Diät und Nahrungsergänzungsmittel
Die American Lung Association (ALA) empfiehlt eine Ernährung mit viel Obst und Gemüse und wenig rotem und verarbeitetem Fleisch sowie verarbeitetem Zucker. 23 Es gibt keinen direkten Zusammenhang zwischen Zucker und Lungenkrebs oder Nahrungsmitteln und Lungenkrebs. Wurstwaren wie Wurst und frittierte Zubereitungsarten können jedoch mit einem erhöhten Lungenkrebsrisiko verbunden sein. 24
Die ALA warnt Raucher außerdem davor, Beta-Carotin-Ergänzungsmittel einzunehmen. Beta-Carotin ist ein Carotinoid, ein Antioxidans, das in gelben, orangefarbenen und roten Pflanzen und ihren Früchten vorkommt. Einige Studien deuten darauf hin, dass Carotinoide das Lungenkrebsrisiko senken, die Ergebnisse sind jedoch gemischt. Andere Studien haben herausgefunden, dass hochdosierte Vitamin-A-Ergänzungen schädlich sein können. 25
Alkohol
Einige Studien haben herausgefunden, dass Alkoholkonsum mit Lungenkrebs in Zusammenhang steht, es sind jedoch weitere Untersuchungen erforderlich. Eine frühere Analyse von 3.137 Lungenkrebsfällen ergab, dass Menschen, die täglich mindestens 30 Gramm reinen Alkohol konsumierten, ein etwas höheres Lungenkrebsrisiko hatten. 26
Zusammenfassung
Rauchen und Radonexposition sind die Hauptursachen für Lungenkrebs in den Vereinigten Staaten, aber sie sind nicht die einzigen. Ihre genetische Ausstattung, Ihre anderen Erkrankungen und Behandlungen, Ihr Job, Faktoren Ihres Lebensstils oder sogar die Luftverschmutzung in Ihrer Gemeinde können zu Ihrem Lungenkrebsrisiko beitragen.
Ein Wort von Verywell
Für die Entscheidungsfindung im Lebensstil ist es wichtig, die Ursachen und Risikofaktoren von Lungenkrebs zu kennen. Das Rauchen zu vermeiden oder mit dem Rauchen aufzuhören steht vielleicht ganz oben auf der Liste, aber Rauchen ist nicht die einzige mögliche Ursache für Lungenkrebs.
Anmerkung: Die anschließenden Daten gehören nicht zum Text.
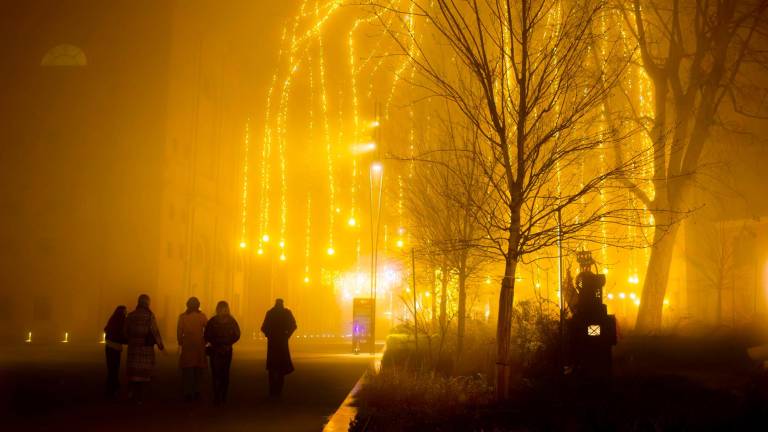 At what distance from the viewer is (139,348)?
14.8 metres

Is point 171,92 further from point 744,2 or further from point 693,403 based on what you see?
point 693,403

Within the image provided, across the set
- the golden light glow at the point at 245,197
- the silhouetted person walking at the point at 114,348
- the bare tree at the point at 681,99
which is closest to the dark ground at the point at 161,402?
the silhouetted person walking at the point at 114,348

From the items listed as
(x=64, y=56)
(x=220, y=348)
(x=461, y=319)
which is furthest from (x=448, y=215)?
(x=64, y=56)

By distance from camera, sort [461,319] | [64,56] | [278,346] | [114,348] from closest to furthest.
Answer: [114,348]
[278,346]
[461,319]
[64,56]

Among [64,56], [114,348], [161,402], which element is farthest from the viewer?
[64,56]

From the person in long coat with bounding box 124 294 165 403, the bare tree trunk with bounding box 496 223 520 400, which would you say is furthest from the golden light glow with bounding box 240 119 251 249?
the bare tree trunk with bounding box 496 223 520 400

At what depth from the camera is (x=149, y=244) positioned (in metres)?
48.7

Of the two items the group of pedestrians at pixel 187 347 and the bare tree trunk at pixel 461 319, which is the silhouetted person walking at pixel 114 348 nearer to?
the group of pedestrians at pixel 187 347

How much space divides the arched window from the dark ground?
30331 mm

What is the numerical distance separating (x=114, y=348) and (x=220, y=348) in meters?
2.36

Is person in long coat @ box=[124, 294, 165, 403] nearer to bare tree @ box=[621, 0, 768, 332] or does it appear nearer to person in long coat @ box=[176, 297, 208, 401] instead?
person in long coat @ box=[176, 297, 208, 401]

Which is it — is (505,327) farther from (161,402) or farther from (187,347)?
(161,402)

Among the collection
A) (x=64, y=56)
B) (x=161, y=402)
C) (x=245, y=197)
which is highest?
(x=64, y=56)

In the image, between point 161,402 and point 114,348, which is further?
point 114,348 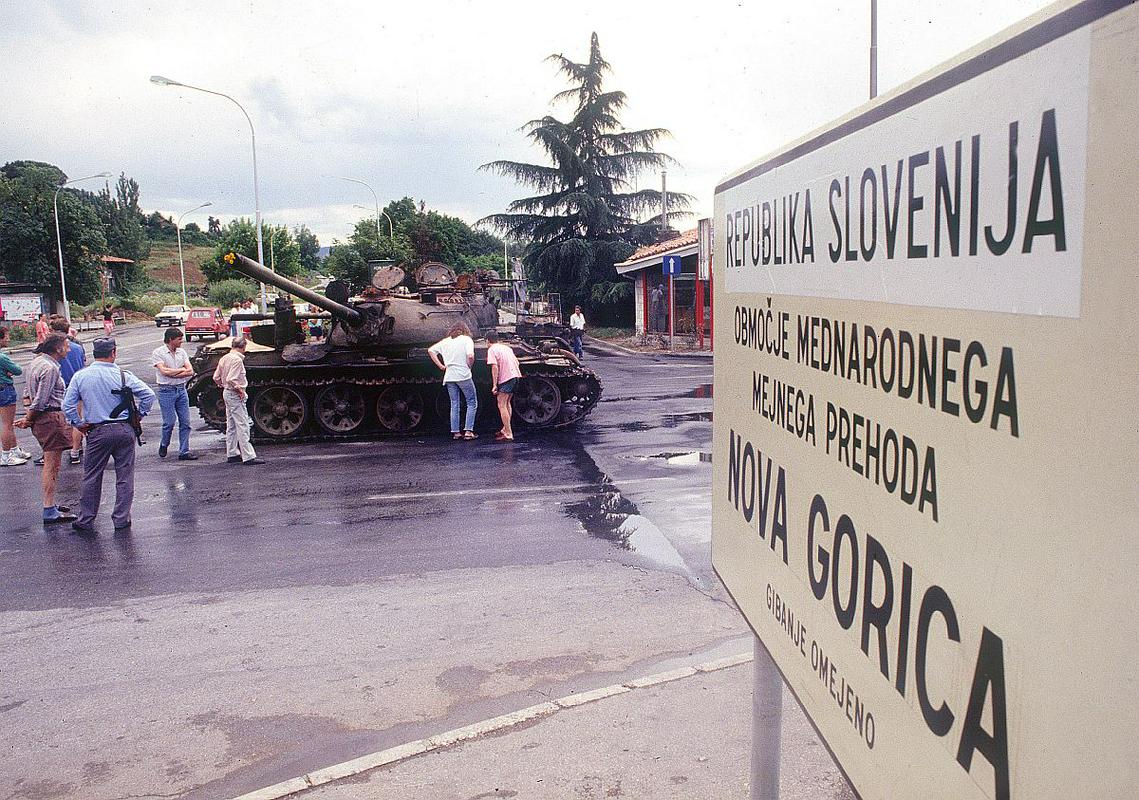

Manche Menschen kennen die Ursache ihres Lungenkrebses nie wirklich. Es ist jedoch möglich, die klaren Risiken zu reduzieren.
Wenn Sie Bedenken hinsichtlich Ihrer Lungengesundheit haben, ist es wichtig, dass Sie dies umgehend Ihrem Arzt mitteilen. Etwa 40 % der Menschen erhalten die Diagnose, wenn Lungenkrebs bereits das Stadium 4 erreicht hat. In diesem Stadium ist eine heilende Operation nicht möglich und die Fünf-Jahres-Überlebensrate beträgt nur 4 %. 27 Im Gegensatz dazu sind die Überlebensraten viel höher, wenn der Krebs in früheren Stadien diagnostiziert wird.
Fragen Sie unbedingt Ihren Arzt, ob eine Lungenkrebs-Vorsorgeuntersuchung für Sie geeignet ist.